6/26-30/20: No single individual can track the innumerable crimes, follies and lies of Donald J. Trump and his misfit crew of mediocrities. But it would appear, as June grinds to a sad end, that most Americans have had their fill of Trump’s divisive style of “leadership.” .
His approval ratings are dismal. His disapproval ratings are approaching a high for his presidency:
Typically, on Sunday, we had the president retweeting a video of fans in golf carts parading down a Florida street. Anti-Trump protesters were out in force and the profanity was flying. One Trump loyalist pumped his fist and shouted, “White power! White power!”
It was impossible to miss that howl, if you watched the video provided by CNN. Yet the White House claimed the president didn’t see it.

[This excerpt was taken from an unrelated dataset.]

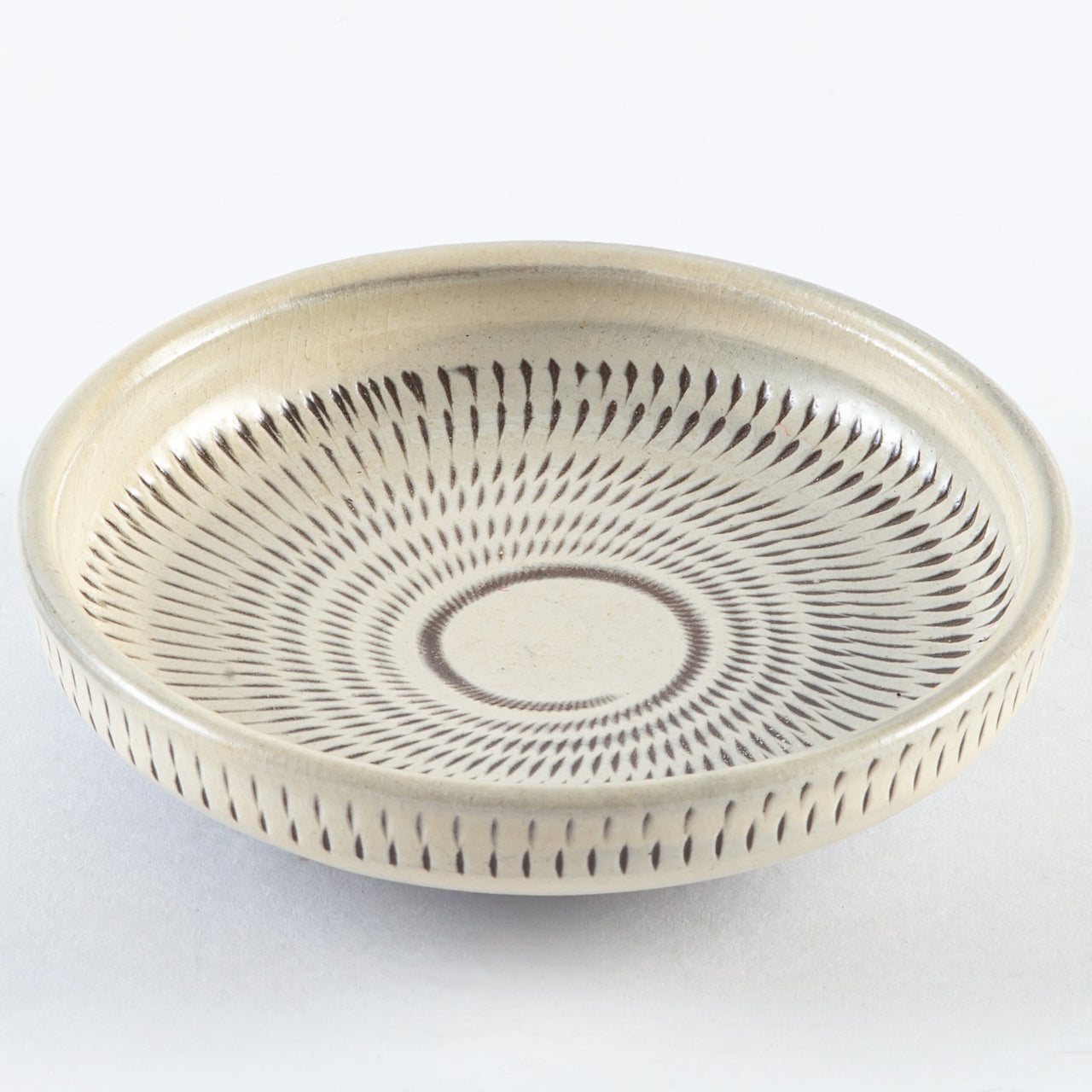 小鹿田焼 飛び鉋に三彩 尺三寸皿 木製皿立て付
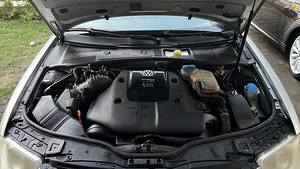 Volkswagen Passat HIGHLINE 4-MOTION (5 foto / 12)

He just randomly retweeted it?
I wondered. If the clip were longer could it be that Trump missed that shout? Perhaps the anti-Trump forces drowned it out. Maybe the clip on CNN was doctored or the snippet might be taken out of context. I found a longer clip on Snopes, the fact-checking site. It was still impossible to miss. I checked again and found the original tweet. Yeah. Still impossible to miss, even though that one liberal granny is a real potty mouth.
*
Of course, June ended with the president seemingly in need of a visit an optometrist. A report surfaced this week that the Russians offered Taliban fighters a bounty if they killed American and British troops in Afghanistan. The New York Times claimed that Trump had been briefed on the matter weeks ago. Yet nothing had been done to challenge the Russians.
Trump’s current Director of National Intelligence, John Ratcliffe (who earned his job by smooching the president’s fat posterior during the impeachment hearings) came to the president’s defense. He said neither Trump nor VP Pence had been briefed on the matter.
Didn’t see it. Didn’t hear about it. Didn’t read it.
Naturally, Trump attacked The New York Times for publishing the story. White House Press Secretary and taxpayer-funded liar Kayleigh McEnany also backed his play. Trump wasn’t briefed! “This does not speak to the merit of the alleged intelligence,” she admitted, “but to the inaccuracy of the New York Times story erroneously suggesting that President Trump was briefed on this matter.”
In other words, the report of Russian bounties existed. The President of the United States just didn’t see it. The Associated Press reported next that top White House officials were alerted in early 2019 about the plot. Somehow, Trump didn’t hear it. Next, the Times learned that the Brits had been notified of the threat. Trump didn’t know it. It didn’t help Trump’s case when officials said the bounty plot had been included in at least one of the president’s daily briefings “sometime this spring.” It didn’t help when the president’s former National Security Adviser, John Bolton, said, basically, “Yeah, I told him about this, a year ago.”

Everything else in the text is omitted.